DIRECTIONS =
In the listing below, find each line with the string "Dress" and report it.
· · ·
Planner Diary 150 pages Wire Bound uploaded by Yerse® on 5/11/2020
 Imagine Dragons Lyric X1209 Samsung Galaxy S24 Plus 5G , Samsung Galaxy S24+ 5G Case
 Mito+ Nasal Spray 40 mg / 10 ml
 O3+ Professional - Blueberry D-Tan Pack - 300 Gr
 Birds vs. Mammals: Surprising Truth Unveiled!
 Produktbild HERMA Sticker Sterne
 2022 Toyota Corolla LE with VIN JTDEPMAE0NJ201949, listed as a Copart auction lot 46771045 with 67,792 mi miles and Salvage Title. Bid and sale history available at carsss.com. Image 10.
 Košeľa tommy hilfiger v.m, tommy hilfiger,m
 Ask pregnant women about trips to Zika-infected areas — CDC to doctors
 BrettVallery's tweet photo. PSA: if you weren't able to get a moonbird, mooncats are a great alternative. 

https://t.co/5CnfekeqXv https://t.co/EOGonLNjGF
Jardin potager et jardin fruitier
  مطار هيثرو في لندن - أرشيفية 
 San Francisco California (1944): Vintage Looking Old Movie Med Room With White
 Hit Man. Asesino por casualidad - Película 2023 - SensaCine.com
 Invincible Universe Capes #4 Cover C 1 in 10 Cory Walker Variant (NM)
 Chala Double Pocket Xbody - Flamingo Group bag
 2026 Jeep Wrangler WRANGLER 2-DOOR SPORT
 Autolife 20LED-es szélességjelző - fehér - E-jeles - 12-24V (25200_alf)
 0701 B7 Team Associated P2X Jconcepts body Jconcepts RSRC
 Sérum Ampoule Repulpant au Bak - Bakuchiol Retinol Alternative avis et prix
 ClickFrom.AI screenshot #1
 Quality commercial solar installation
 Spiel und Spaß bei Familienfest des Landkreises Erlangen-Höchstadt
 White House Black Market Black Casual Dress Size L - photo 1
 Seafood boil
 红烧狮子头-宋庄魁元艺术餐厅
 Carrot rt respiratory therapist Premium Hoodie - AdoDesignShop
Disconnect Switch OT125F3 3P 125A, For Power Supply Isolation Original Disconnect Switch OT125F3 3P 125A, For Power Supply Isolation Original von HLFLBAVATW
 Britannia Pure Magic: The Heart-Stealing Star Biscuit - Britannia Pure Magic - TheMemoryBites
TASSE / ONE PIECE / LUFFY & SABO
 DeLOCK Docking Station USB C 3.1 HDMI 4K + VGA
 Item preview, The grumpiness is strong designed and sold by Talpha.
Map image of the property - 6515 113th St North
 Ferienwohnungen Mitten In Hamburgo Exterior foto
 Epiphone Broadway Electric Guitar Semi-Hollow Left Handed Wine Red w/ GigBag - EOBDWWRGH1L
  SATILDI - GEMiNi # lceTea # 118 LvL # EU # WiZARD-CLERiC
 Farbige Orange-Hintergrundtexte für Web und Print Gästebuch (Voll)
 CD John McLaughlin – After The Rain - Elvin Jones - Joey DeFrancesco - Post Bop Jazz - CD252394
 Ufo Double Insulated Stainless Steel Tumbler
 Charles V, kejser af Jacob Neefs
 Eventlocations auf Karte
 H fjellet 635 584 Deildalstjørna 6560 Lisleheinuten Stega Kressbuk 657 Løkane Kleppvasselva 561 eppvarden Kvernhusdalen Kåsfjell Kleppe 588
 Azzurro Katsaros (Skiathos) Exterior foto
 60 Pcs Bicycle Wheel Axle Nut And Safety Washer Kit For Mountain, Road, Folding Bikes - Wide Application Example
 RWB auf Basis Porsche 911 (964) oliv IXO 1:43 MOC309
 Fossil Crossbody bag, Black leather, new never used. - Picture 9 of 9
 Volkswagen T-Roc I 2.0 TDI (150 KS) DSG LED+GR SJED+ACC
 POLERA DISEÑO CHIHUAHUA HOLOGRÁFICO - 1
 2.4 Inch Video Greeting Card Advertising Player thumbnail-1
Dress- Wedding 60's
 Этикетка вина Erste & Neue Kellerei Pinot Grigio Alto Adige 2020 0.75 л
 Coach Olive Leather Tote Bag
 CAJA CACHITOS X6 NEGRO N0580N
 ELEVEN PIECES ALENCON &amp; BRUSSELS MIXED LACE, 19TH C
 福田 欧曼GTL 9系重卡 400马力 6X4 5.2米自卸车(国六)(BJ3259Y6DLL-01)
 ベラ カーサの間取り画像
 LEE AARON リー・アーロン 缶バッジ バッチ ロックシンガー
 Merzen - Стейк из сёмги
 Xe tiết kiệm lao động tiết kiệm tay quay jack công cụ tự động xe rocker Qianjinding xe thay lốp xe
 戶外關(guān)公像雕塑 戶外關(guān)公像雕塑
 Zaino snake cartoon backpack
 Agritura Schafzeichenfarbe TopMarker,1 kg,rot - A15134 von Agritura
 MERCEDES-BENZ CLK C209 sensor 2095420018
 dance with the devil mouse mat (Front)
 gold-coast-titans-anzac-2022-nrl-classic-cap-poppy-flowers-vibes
· · ·
RESPONSE =
 White House Black Market Black Casual Dress Size L - photo 1
Dress- Wedding 60's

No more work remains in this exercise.